The Company also performs an interim review for indicators of impairment each quarter to assess whether an interim impairment review is required for any reporting unit. As part of its interim reviews, management analyzes potential changes in the value of individual reporting units based on each reporting unit’s operating results for the period compared to expected results as of the prior year’s annual impairment test. In addition, management considers how other key assumptions, including discount rates and expected long-term growth rates, used in the last annual impairment test, could be impacted by changes in market conditions and economic events. Based on the interim assessments as of December 28, 2024, management concluded that no events or changes in circumstances indicated that it was more likely than not that the fair value for any reporting unit had declined below its carrying value.
Long-Lived Assets
Customer relationships, trademarks and tradenames are amortized using the straight-line method over estimated useful lives that have a range of 3 to 20 years. Patents, licenses, and software are amortized using the straight-line method or an accelerated method over estimated useful lives that have a range of 4 to 17 years.
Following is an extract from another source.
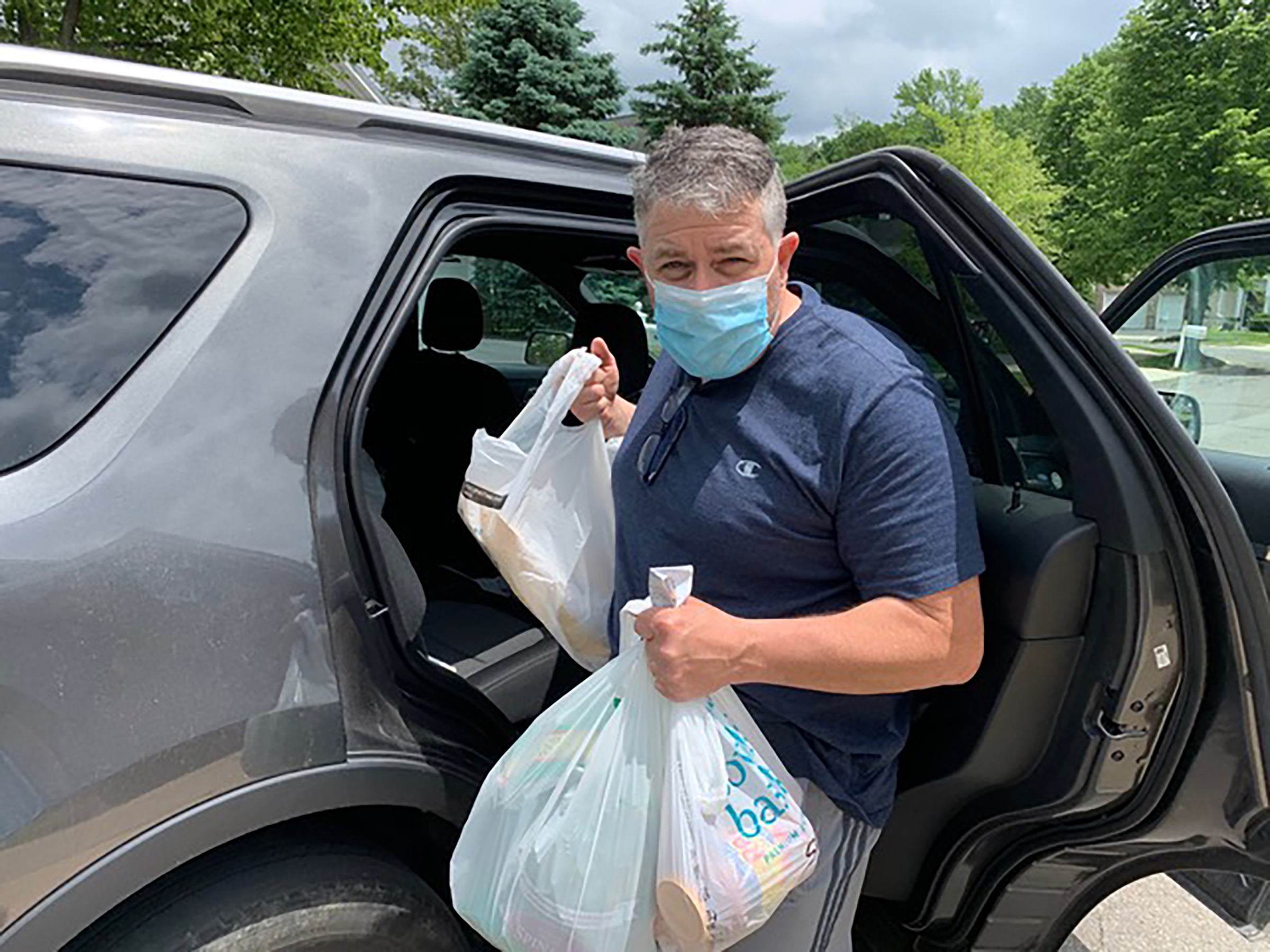 Newspaper deliveryman Greg Dailey unloading the car on May 29. Dailey began a grocery drop-off service in mid-March to anyone in need along his paper route, which has since supplied more than 140 homes in Mercer County, N.J. (Courtesy Greg Dailey)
The distribution networks are amortized on either a straight-line or accelerated basis over estimated useful lives that have a range of 4 to 10 years. Land use rights are amortized using the straight-line method up to 50 years which is the term of the land use rights.
 
The Company assesses potential impairments to its long-lived assets if events or changes in circumstances indicate that the carrying amount of an asset may not be recoverable. An impaired asset is written down to its estimated fair value based upon the most recent information available. Estimated fair market value is generally measured by discounting estimated future cash flows. Long-lived assets, other than goodwill and other intangible assets, which are held for sale are recorded at the lower of carrying value or the fair market value less the estimated cost to sell.
Environmental Liabilities
Environmental Liabilities
 
Environmental liabilities are accrued based on engineering studies estimating the cost of remediating sites. Expenses related to on-going maintenance of environmental sites are expensed as incurred. If actual or estimated probable future losses exceed the Company’s recorded liability for such claims, the Company would record additional charges during the period in which the actual loss or change in estimate occurred.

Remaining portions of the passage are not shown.